The problem
What lines in the listing below hold the string "Foto"? Please copy them out.

The data
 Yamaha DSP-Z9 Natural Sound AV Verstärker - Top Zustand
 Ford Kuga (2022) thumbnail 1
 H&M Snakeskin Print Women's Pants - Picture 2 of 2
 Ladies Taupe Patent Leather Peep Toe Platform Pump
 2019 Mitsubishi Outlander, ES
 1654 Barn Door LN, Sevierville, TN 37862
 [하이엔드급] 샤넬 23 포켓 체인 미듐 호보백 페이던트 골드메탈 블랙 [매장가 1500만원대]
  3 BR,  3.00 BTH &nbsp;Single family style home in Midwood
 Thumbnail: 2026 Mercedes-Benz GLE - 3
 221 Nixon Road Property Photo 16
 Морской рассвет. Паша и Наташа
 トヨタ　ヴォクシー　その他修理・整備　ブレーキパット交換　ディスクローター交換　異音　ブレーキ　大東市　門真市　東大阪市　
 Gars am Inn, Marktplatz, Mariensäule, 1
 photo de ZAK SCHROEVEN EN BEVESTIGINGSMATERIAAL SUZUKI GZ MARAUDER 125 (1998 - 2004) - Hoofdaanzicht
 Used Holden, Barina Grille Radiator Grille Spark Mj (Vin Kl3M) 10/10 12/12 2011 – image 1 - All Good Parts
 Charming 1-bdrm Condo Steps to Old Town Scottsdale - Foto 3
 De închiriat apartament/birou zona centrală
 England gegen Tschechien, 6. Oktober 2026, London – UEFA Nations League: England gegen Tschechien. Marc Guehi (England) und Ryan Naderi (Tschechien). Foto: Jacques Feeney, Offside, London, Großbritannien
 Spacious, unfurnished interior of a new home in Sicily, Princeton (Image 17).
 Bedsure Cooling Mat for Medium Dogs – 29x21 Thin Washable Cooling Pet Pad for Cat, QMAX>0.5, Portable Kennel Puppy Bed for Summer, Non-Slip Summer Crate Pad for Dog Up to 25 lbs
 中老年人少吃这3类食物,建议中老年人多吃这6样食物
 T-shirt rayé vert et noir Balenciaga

Solution to this problem
 Charming 1-bdrm Condo Steps to Old Town Scottsdale - Foto 3
 England gegen Tschechien, 6. Oktober 2026, London – UEFA Nations League: England gegen Tschechien. Marc Guehi (England) und Ryan Naderi (Tschechien). Foto: Jacques Feeney, Offside, London, Großbritannien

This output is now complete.